The Ministry of Human Resources announced the news in a brief post on its website on Tuesday, citing a decision of the State Council, the highest body of state power in China.

The post did not say why or when Sun had been dismissed, but the Ministry of Foreign Affairs website shows his last public engagements were meetings with the ambassadors of Brunei and Malaysia to China on March 13.

Two days earlier, Sun had met Pakistan’s ambassador to China to discuss bilateral cooperation, according to a post on diplomat Khalil Hashmi’s X account.

Dismissals of this kind in the Chinese government usually indicate high-level disciplinary action and are often followed by news of an investigation.

Sun’s dismissal notice included the removal of another official, An Lusheng, from his post as deputy director of the National Railway Administration.

Since coming to power in 2012, President Xi Jinping has carried out a wide-ranging anticorruption campaign targeting “tigers and flies”, meaning high- and low-ranking officials.
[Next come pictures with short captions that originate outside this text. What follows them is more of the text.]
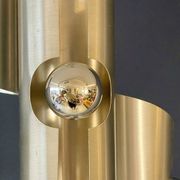 Lampe design en métal avec quatre ampoules argentées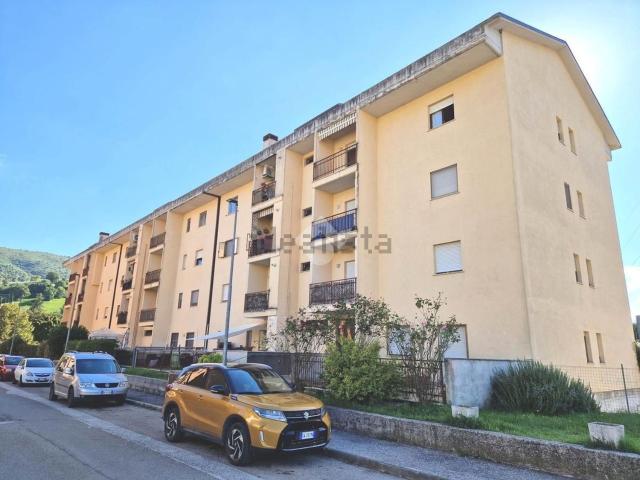 Appartamento in vendita di 110 m² in Via Alcide de Gasperi, 17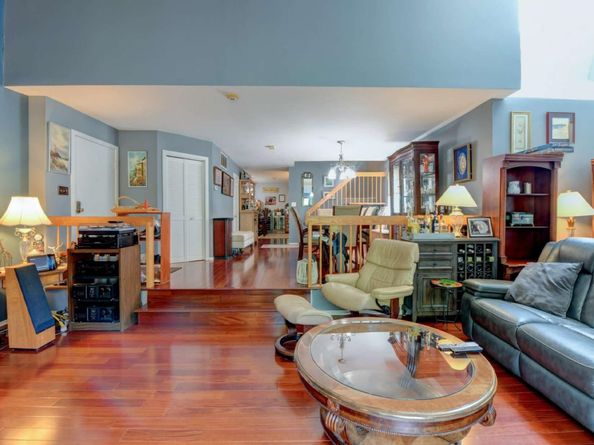 590 Sanderling Ct 590, Secaucus NJ 07094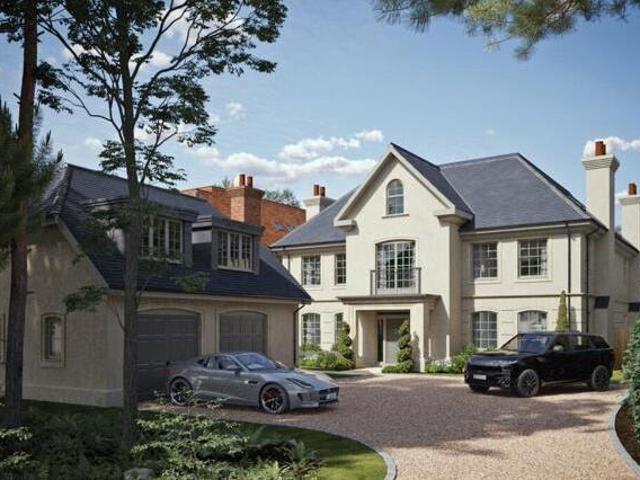 House for sale in Holtspur, Knotty Green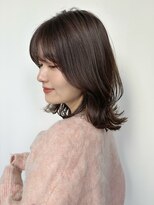 ローネス(LONESS)&nbsp;くびれヘア　レイヤーカット　ミディアムレイヤー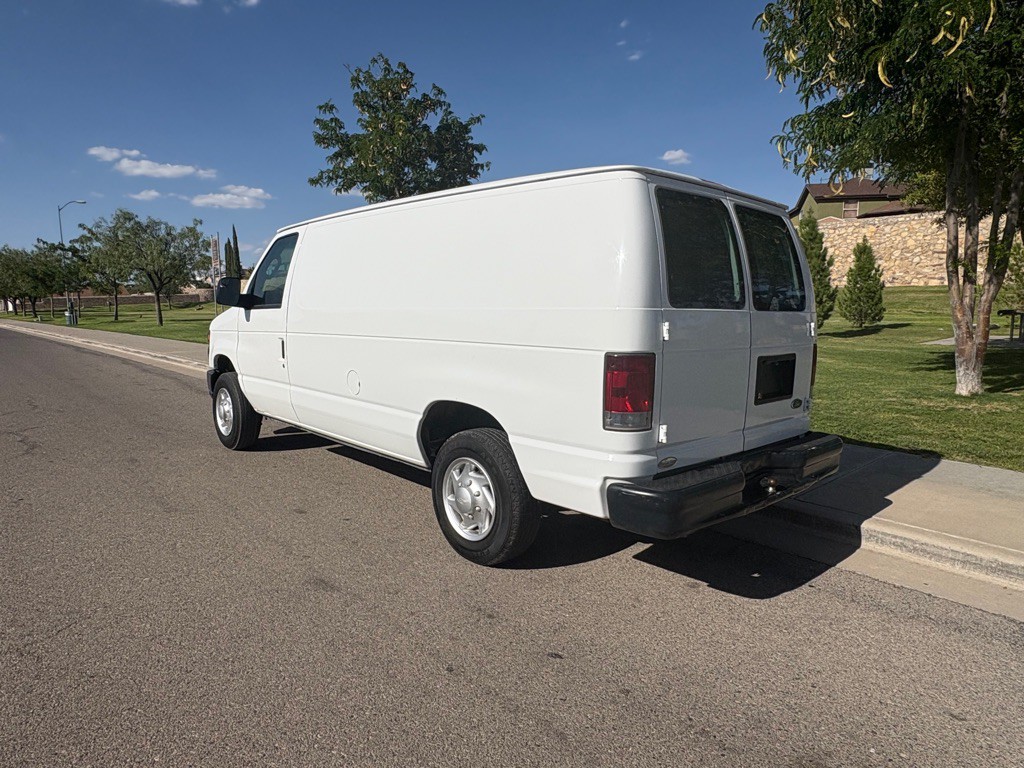 2012 Ford Econoline Image 6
Last year, China investigated more than one million corruption cases and disciplined 938,000 people, according to its Central Commission for Discipline Inspection and National Supervisory Commission.

The list of cases involving disciplinary action included 69 provincial or ministerial-level officials, 4,155 bureau-level officials, 35,000 county-level officials, and 125,000 township-level officials, according to the commission’s year-end report.

Senior Chinese military officials have also been caught up in Xi’s anticorruption campaign sweeps.